» **DIRECTIONS FOR THIS TASK**:
Below are some records. Write out exactly their lines from the one with "Before we go" through the one with "The next best", and leave the pictures behind.

» **TASK INPUT**:
--- START ---
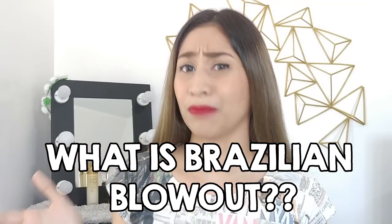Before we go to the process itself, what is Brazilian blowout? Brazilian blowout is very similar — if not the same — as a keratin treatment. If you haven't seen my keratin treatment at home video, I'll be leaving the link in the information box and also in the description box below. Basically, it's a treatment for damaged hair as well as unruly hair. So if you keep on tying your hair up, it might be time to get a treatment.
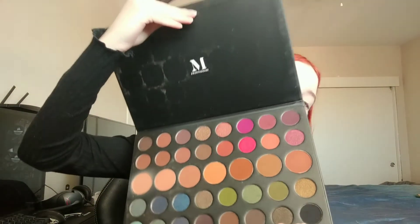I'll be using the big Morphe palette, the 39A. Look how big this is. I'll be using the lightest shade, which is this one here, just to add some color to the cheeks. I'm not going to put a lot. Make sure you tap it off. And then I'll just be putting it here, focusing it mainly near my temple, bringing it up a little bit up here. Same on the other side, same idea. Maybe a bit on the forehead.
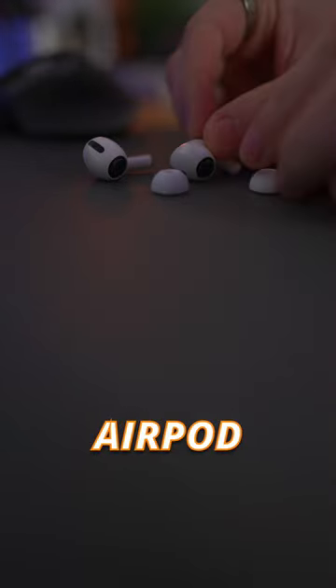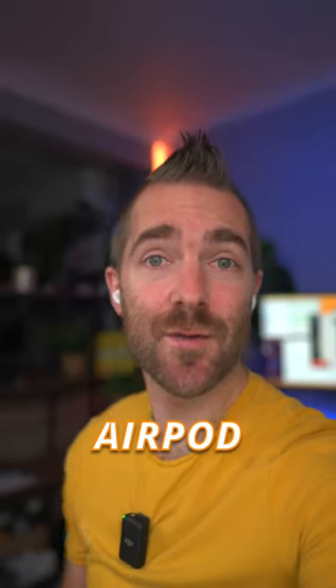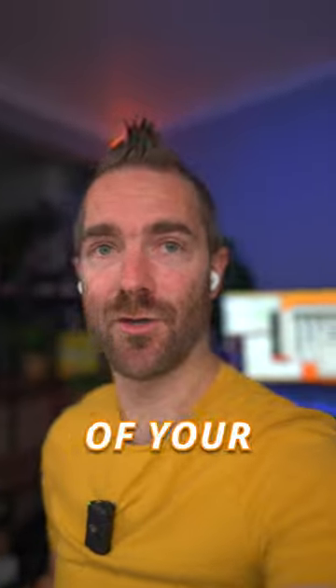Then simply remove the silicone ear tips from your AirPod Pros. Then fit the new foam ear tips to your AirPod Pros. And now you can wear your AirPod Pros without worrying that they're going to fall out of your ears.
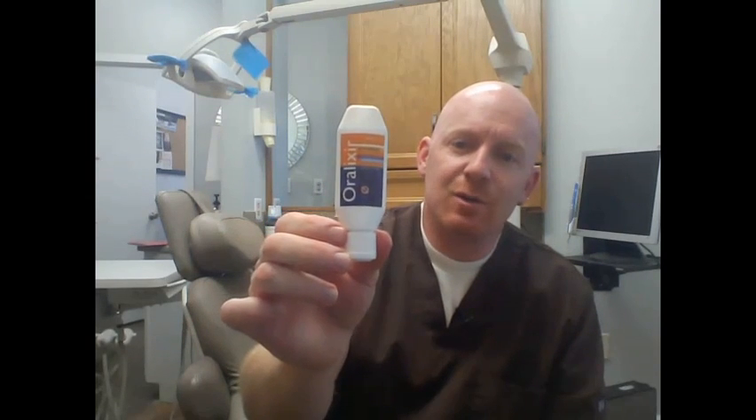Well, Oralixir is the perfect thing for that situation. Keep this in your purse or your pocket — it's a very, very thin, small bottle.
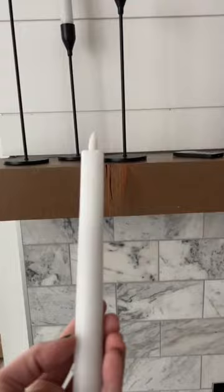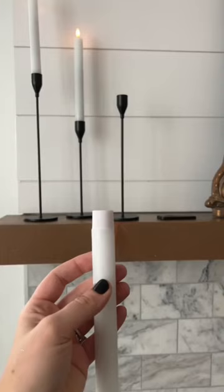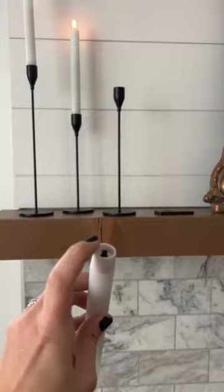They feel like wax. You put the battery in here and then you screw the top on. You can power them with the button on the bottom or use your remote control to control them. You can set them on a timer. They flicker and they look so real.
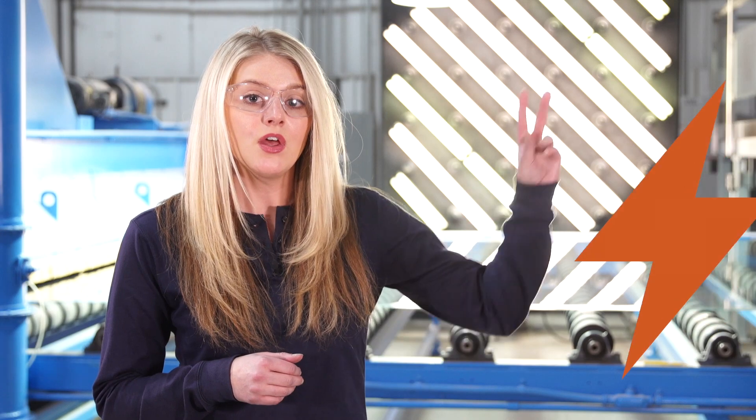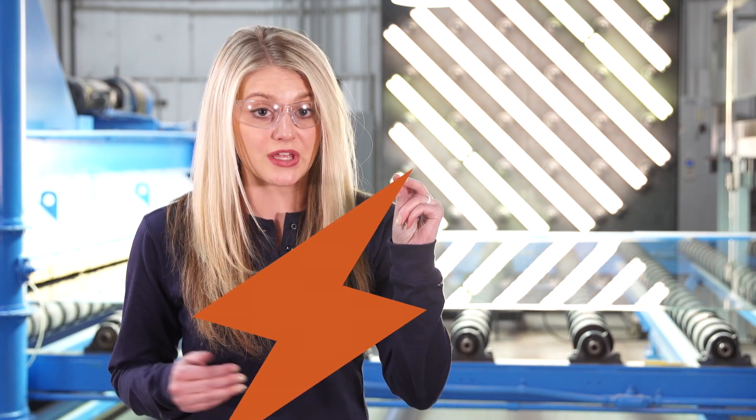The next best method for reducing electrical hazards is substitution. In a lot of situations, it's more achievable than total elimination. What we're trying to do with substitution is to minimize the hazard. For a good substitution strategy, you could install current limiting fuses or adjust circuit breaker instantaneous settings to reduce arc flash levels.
--- END ---
--- START ---
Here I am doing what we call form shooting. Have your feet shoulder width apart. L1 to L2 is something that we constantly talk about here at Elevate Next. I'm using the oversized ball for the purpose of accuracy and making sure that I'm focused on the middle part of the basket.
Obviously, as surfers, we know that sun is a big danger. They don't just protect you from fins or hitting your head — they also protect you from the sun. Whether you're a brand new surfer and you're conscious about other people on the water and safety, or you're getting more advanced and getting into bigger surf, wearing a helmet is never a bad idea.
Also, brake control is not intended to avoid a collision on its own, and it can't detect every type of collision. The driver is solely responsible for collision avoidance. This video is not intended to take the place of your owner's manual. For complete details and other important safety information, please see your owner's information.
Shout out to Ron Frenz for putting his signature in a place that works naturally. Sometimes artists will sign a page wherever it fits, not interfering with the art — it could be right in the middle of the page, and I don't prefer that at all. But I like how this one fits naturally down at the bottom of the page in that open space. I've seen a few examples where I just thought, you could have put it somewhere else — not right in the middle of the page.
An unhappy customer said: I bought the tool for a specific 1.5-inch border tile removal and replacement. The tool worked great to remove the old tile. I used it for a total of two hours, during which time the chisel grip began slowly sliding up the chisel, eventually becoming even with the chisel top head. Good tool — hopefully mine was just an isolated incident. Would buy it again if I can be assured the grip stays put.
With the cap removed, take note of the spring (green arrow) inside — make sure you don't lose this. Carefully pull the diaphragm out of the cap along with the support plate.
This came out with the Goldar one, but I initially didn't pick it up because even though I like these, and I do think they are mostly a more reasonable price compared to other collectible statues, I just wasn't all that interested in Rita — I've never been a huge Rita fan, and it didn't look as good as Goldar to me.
--- END ---
--- START ---
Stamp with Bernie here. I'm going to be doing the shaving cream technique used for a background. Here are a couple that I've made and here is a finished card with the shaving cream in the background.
--- END ---
» **SOLUTION TO THIS PROBLEM**:
Before we go to the process itself, what is Brazilian blowout? Brazilian blowout is very similar — if not the same — as a keratin treatment. If you haven't seen my keratin treatment at home video, I'll be leaving the link in the information box and also in the description box below. Basically, it's a treatment for damaged hair as well as unruly hair. So if you keep on tying your hair up, it might be time to get a treatment.
I'll be using the big Morphe palette, the 39A. Look how big this is. I'll be using the lightest shade, which is this one here, just to add some color to the cheeks. I'm not going to put a lot. Make sure you tap it off. And then I'll just be putting it here, focusing it mainly near my temple, bringing it up a little bit up here. Same on the other side, same idea. Maybe a bit on the forehead.
Then simply remove the silicone ear tips from your AirPod Pros. Then fit the new foam ear tips to your AirPod Pros. And now you can wear your AirPod Pros without worrying that they're going to fall out of your ears.
Well, Oralixir is the perfect thing for that situation. Keep this in your purse or your pocket — it's a very, very thin, small bottle.
They feel like wax. You put the battery in here and then you screw the top on. You can power them with the button on the bottom or use your remote control to control them. You can set them on a timer. They flicker and they look so real.
The next best method for reducing electrical hazards is substitution. In a lot of situations, it's more achievable than total elimination. What we're trying to do with substitution is to minimize the hazard. For a good substitution strategy, you could install current limiting fuses or adjust circuit breaker instantaneous settings to reduce arc flash levels.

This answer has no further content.